If you run a car, get it serviced regularly. Check the oil level, and the tyres regularly - tyres at the correct inflation last longer and cost you less to drive on. Wash it by hand occasionally - that way you will spot any oddments of damage before they turn into a rusty problem. In fact wash it - full stop. A clean car is again more fuel efficient (yes, really!) and if you've paid good money for it then you should want it to look nice anyway! Buy good quality shoes and boots if you're going to do any amount of walking in them, and then treat them well with polish or dubbin, and get them re-heeled and soled when they require it. A decent winter coat will last you several years, the same applies to a waterproof jacket - better to spend twice as much for something that will last you four times as long. Remember to have clothes that need dry cleaning done regularly, and as for those waterproofs, wash them in a specialist cleaner not your standard washing powder, and re-proof regularly. When buying appliances research properly and buy the best you can within your budget. We've learned to our cost that buying cheaper brands of Washer/Dryer for example, backfires as they don't last the pace.
Live a little!
Sure we could never go out, never have a takeaway, never switch our heating on, never go on holiday, never buy anything above the bare essentials. By never spending on anything not vital to live, we could obviously have paid a lot more off the mortgage by now. We could, but then again we could get run over by a bus tomorrow, and nobody ever, in their dying breath, said "Damn! I wish I'd skipped that portion of chips eaten at the seaside in order to pay a bit more off the mortgage!" did they now? ;-) We each have our own personal money every month which pays for our personal day to day expenses and individual fun. We have takeaways occasionally. We see something that looks yummy in the supermarket and think "Sod it!" and put it into the basket. We buy free range eggs, and "happy" meat, and shop at farmers markets when we can. we have weekends away (often using the tent to save money on hotels) and days out. We have a specific budget each month to set aside for "fun stuff". As a result in all the time we've been OP'ing the mortgage we've never really reached the point where we've started feeling hard done by, or like we want to pack it all in.
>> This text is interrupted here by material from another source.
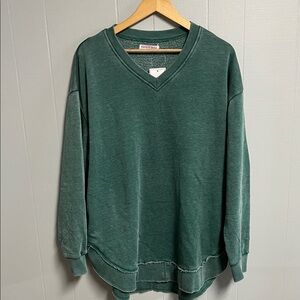 NWT Discount Divas VNeck Sweatshirt XL Green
Don't just throw things away! That item you're fed up with, or have no further use for, might be a lifesaver to someone else if they find it in the charity shop. Clothes too - pop through a wash with other items and dispatch them off to the charity shop if you no longer want, need or fit them. Try to avoid food waste too - think about portion control or come up with a plan for using leftovers. Too much pasta or rice can be combined with veggies and a light dressing to make a salad to go with the next nights meal, or to pack up for a packed lunch, and leftover bread can always be transformed into croutons, or breadcrumbs, both of which freeze brilliantly. If as you're serving out a pasta sauce, for example, it looks like you'll have more than you need, try separating out a portion which will can be frozen, rather than just ladling it all onto the plates. Buying fresh food that has been prepared for you is an expensive use of your food budget - think in particular things like onions and lettuce! Keep an eye on the fridge, larder and cupboards to make sure that things get used while they're still fresh, and have a list on the fridge that you can add items to when you know you're running low before transferring them to your shopping list - this helps stop you buying double! If you use a lot of bread then get yourself a breadmaker - our £45-ish model paid for itself inside a year - but don't take your eye off the ball as to when it's cheaper to buy rather than make - I'm talking yellow stickers! Think before you spend - and remember the cashback sites! Never shop when you're hungry or browse eBay or Amazon when you're bored!
How about you - what helps you organise your life and your finances?